20.1.08

Survival Is Not Enough

One of the biggest concepts I picked up last year was from 'learning organization' guru Peter Senge who describes the change process as organic rather than machine-like, which is where most companies go wrong. This article picks up on that idea: http://www.fastcompany.com/magazine/54/survival.html

I particularly loved this part about zooming:

Stable times force us to think of our companies as machines. They are finely tuned and easy to copy, scale, and own. We build machines on an assembly line, focusing on how to make them cheaper and ever more reliable. If your company is a machine, you can control it. You can build another one, a bigger one. You can staff it with machine operators and train them to run it faster and faster.

In times of change, this model is wrong. Our organizations are not independent machines, standing in the middle of a stable field. Instead, we work for companies that are organisms. Living, breathing, changing organisms that interact with millions of other living, breathing, changing organisms.

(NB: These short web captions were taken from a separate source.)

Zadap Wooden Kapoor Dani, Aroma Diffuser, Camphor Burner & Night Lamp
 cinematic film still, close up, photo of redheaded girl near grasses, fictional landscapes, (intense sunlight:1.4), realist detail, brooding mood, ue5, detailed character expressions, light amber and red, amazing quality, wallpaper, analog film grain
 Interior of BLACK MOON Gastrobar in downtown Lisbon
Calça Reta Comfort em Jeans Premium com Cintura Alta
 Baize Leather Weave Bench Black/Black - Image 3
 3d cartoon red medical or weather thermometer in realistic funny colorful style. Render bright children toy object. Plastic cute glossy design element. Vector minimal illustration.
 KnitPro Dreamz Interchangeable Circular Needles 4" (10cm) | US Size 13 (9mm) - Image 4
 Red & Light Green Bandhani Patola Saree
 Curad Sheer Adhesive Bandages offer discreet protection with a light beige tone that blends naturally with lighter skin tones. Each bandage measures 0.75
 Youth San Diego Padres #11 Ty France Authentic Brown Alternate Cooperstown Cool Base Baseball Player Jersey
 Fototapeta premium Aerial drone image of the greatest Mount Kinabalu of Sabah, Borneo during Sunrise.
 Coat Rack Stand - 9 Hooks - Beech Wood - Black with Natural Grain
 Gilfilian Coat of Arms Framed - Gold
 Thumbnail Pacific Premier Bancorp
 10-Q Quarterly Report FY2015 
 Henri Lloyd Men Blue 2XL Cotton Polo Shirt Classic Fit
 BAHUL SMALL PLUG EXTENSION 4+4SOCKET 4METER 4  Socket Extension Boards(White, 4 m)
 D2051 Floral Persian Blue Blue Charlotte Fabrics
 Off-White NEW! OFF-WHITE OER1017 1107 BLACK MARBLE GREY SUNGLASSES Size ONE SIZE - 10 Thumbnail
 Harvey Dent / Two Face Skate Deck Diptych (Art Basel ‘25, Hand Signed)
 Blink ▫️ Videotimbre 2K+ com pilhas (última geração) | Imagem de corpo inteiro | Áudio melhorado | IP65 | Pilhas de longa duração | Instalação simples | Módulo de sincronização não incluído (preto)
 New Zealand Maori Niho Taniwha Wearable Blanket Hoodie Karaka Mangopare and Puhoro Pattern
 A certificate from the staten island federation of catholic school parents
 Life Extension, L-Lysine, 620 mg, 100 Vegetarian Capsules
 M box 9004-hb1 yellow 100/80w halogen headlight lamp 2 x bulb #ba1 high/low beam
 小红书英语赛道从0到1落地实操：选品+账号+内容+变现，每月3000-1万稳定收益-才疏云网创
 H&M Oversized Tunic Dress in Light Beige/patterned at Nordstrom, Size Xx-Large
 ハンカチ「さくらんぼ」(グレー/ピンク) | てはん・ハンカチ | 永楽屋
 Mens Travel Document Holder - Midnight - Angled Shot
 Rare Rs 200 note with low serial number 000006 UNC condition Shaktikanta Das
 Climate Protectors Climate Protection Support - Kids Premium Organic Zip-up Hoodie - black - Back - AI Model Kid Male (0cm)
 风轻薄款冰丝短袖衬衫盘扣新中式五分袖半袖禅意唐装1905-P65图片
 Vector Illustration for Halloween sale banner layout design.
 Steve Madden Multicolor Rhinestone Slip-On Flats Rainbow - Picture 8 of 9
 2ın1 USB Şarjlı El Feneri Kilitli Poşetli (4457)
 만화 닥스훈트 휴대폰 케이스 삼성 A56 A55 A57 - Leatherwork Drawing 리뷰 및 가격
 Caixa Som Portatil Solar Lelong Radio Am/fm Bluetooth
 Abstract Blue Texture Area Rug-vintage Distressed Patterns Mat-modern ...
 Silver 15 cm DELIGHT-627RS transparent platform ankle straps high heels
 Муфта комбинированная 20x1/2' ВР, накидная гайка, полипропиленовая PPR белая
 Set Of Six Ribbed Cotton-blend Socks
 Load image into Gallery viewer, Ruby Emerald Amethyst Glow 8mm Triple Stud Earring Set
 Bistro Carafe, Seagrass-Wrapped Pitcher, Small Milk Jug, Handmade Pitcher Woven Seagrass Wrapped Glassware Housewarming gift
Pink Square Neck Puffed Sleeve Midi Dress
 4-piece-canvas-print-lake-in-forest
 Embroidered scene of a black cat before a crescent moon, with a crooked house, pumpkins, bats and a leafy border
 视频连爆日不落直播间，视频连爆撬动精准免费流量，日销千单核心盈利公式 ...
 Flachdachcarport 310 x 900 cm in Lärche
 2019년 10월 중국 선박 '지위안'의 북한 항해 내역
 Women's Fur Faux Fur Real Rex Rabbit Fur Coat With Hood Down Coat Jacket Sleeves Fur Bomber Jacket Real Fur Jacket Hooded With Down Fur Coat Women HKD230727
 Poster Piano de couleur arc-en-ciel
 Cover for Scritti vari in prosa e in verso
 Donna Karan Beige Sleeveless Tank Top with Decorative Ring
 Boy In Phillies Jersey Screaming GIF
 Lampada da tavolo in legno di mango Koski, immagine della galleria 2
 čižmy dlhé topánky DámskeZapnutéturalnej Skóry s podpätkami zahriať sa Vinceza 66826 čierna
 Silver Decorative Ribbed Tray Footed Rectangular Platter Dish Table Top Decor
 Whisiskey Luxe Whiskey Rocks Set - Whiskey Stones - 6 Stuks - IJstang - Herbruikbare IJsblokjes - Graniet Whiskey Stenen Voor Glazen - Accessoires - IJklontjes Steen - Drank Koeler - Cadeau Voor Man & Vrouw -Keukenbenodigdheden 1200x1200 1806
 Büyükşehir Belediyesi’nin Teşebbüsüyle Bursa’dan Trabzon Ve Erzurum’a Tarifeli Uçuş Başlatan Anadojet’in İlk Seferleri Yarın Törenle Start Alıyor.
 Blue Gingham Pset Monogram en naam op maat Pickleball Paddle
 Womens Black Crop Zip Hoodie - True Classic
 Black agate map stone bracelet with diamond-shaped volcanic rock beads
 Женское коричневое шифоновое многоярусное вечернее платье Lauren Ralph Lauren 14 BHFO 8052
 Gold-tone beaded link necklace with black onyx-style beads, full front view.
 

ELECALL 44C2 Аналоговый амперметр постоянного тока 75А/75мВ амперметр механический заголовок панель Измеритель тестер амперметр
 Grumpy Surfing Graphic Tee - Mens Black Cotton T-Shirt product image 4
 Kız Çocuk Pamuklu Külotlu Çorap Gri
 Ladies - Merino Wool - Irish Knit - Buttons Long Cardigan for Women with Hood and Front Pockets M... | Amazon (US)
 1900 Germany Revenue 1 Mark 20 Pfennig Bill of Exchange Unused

This is not business as usual. It's a new principle that is going to feel unnatural at first. We will need a new vocabulary just to discuss it. We will need to reinvent what it means to lead or to work in an organization.

The Evolution Alternative

Evolution -- defined as inheritable modifications over many generations -- is the most powerful tool we have for dealing with change. Individuals and companies can put this organic process to use by permitting change to occur, by not fighting it. A mutation is a mistake or a random feature that is created when a gene, or an idea, is altered and then transferred. By finding positive mutations and incorporating successful new techniques into a company's makeup, organizations can defeat their slower competitors.

It is our fear of changing a winning strategy and our reliance on command-and-control tactics that make us miserable -- not change. Change doesn't have to be the enemy. We start bypassing our fear of change by constantly training people to make small changes. I call this "zooming." Then we can build a company that zooms and attracts zoomers. As the company gathers steam, it will distance itself from its competitors and dominate markets by embracing the changes that will inevitably come.